Friday, September 25, 2009

Blind! Blind! Blind!

This next little bit of David Copperfield pith is from Chapter 35, and, surprisingly, the advice is not direct. David is in love with a silly, vacuous little girl named Dora, who gets him all hot and bothered every time she shakes her curls at him, but who seems intellectually incapable of being serious for a single minute of her life. 

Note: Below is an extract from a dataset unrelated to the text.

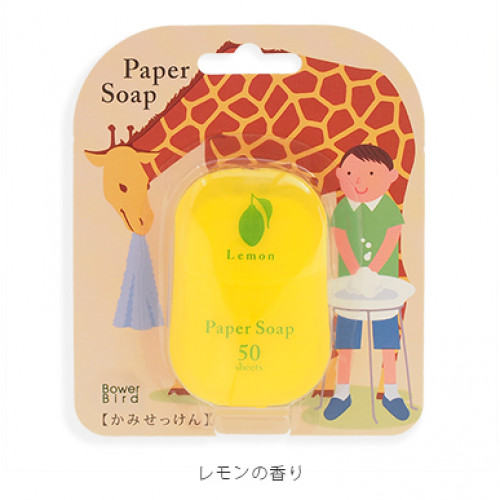 ペーパーソープ　レモンの香りの仕入 | 日本製などの化粧品・雑貨の仕入れ・キレイコスメ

He has just been expounding on the greatness of Dora to his wonderful friend Agnes, whom he grew up with, to an extent, and we readers have all figured out by now that he's infatuated with the wrong girl--and only later does he figure this out, long after he had married and settled down with Dora. As he is walking out the door...oh, well, I should really let Dickens describe it:

...Oh, Agnes, sister of my boyhood, if I had known then, 
what I knew long afterwards--
There was a beggar in the street, when I went down; 
and as I turned my head towards the window thinking of 
her calm seraphic eyes, he made me start by muttering,
as if he were an echo of the morning:
"Blind! Blind! Blind!"

In that one moment, when David was about to make a huge mistake, there was a portent, out of the blue, frightening him out of his stupidity, telling him how blind he was.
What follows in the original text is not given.